Domino & Midnight clownfish strains, first images from ORA
The domino and midnight clownfish from ORA are some of this season’s hottest designer marine aquarium reef fish. If you’ve been looking for that new look which will spruce up your reef without making it look fat, you know that black is the it color all year long, darling. If you’re feeling mysterious you could go for the domino clownfish look; with just a chique white spot on your gill plate and a thin white edge to your pecs, it’ll drive all the boys wild. If you’re feeling a little bit more emo or goth, the midnight clownfish might be just the color to bring out those pouty, orange lips. Whether you’re going for casual or formal, ORA’s latest midnight or domino clownfish fashion is just the thing for your Perez Hilton approved reef. What are you waiting for? go on and shake what your protandrous mama gave you. (and full PR after the break)
ORA Introduces the Midnight Clown
Last month at Global Pet Expo 2010 we unveiled our newest designer clownfish. The ORA Midnight Clown is an all black clown with no stripes.
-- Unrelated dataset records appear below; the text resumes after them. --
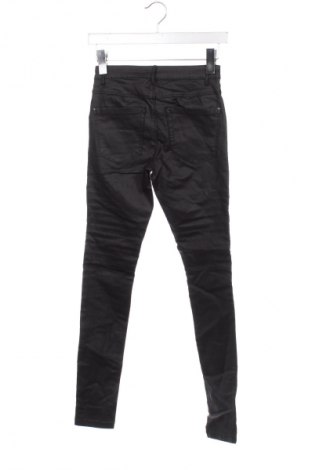 Damskie spodnie ONLY, Rozmiar XS, Kolor Czarny, Cena 19,99 zł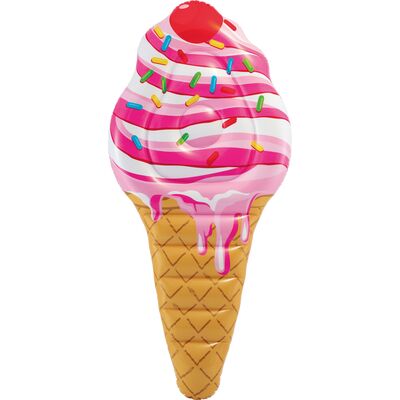 Ice Cream Mat 58762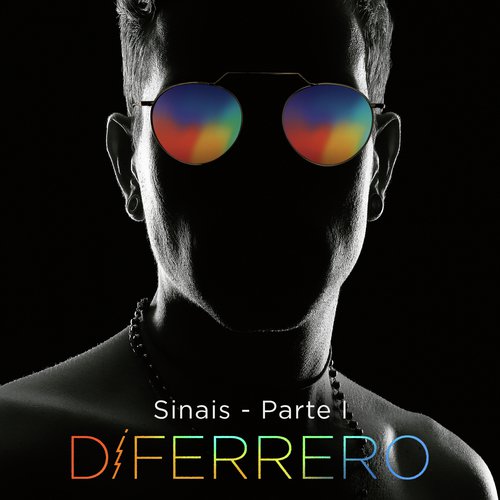 Sinais - Parte I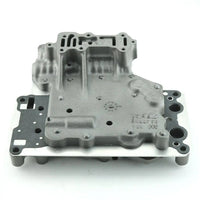 Pro Tree 5 Brake Valve Body Kit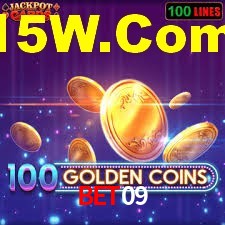 Experiência VIP Bet09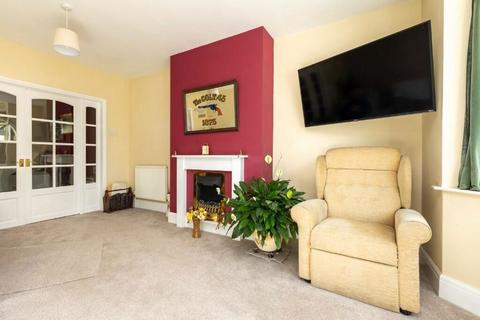 2 bedroom semi-detached house for sale, Swarkestone Road, Barrow-on-Trent, Derby, Derbyshire, DE73 7HF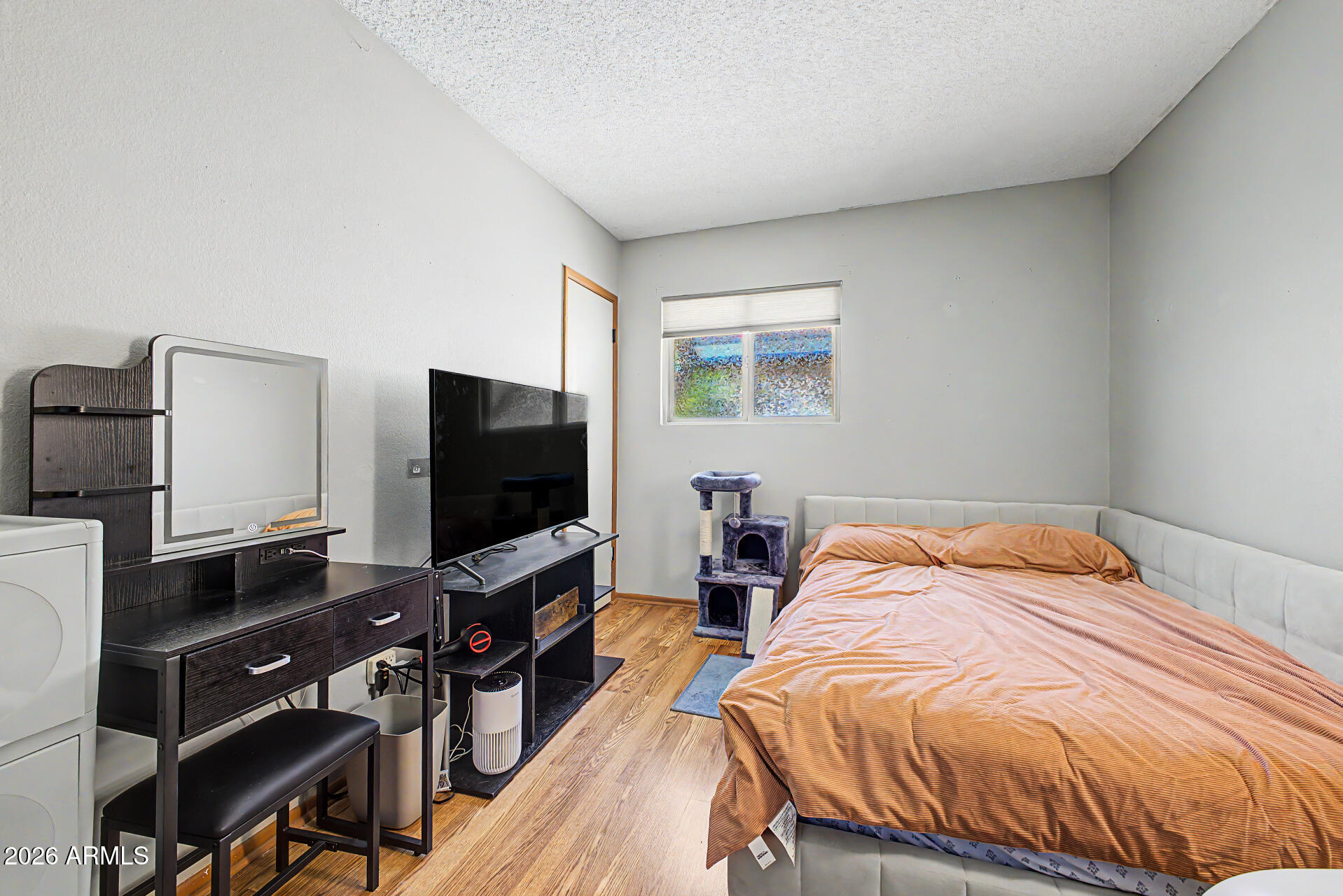 720 South Dobson Road, Unit 104 Mesa, AZ 85202 - Photo 19 of 30 23 - Dobson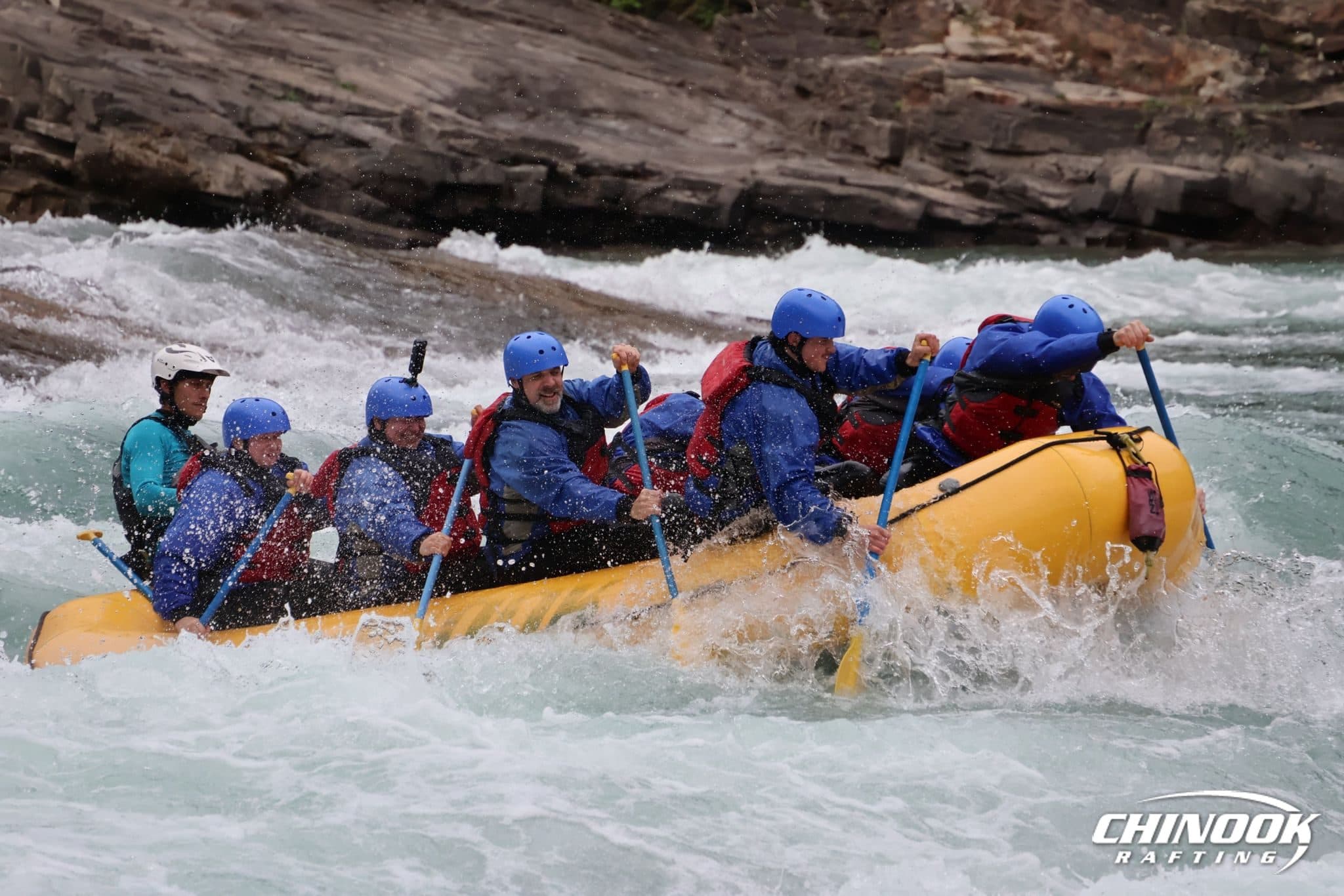 Horseshoe Canyon — 8:15am — Sep 2, 2026 — rafting photo 43
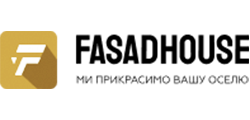 Fasadhouse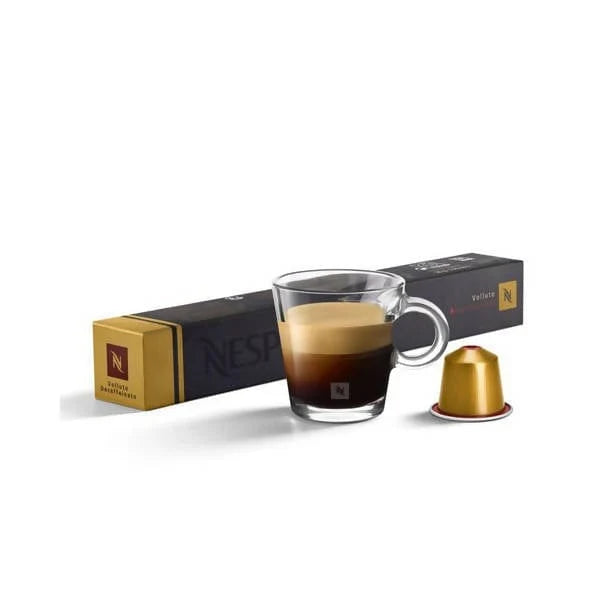  reinforced by a hint of acidity and a fruity note - NESC-1072 Elegant AccScents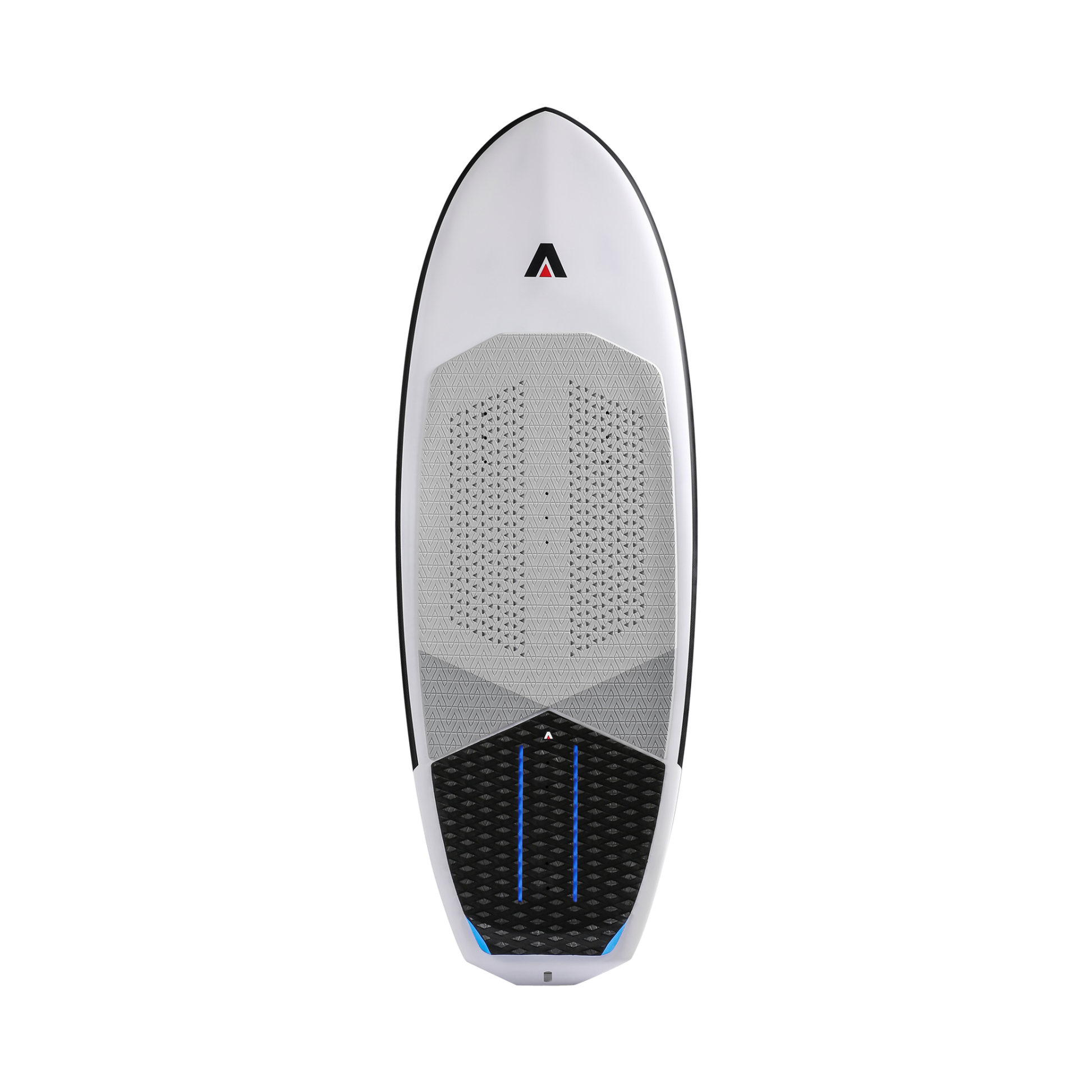 Armstrong Surf Foilboard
It is the result of a natural mutation found in ORA’s grow-out systems and was selectively bred over the past year.
While maybe not for purists, we are sure that clownfish aficionados will be thrilled with this newest entry, and a devoted collector could now have an all-orange, a near all-white and an all-black ocellaris clownfish.
Just as with the natural Black Ocellaris variation, the Midnight Clown starts out life with an orange color that turns black as it ages. The new Midnights available from ORA have almost completely transformed to black, but may have a touch of their juvenile orange left. They will finish becoming all black as they reach maturity. The offspring run the gamut from being completely naked to uniquely patterned extreme misbars.
Occasionally we find Midnight Clowns with cheek dots and taking Julian Sprung’s advice, we’re nicknaming those “Dominos.” This exceptional color morph is yet another example of the power of selective breeding in aquaculture.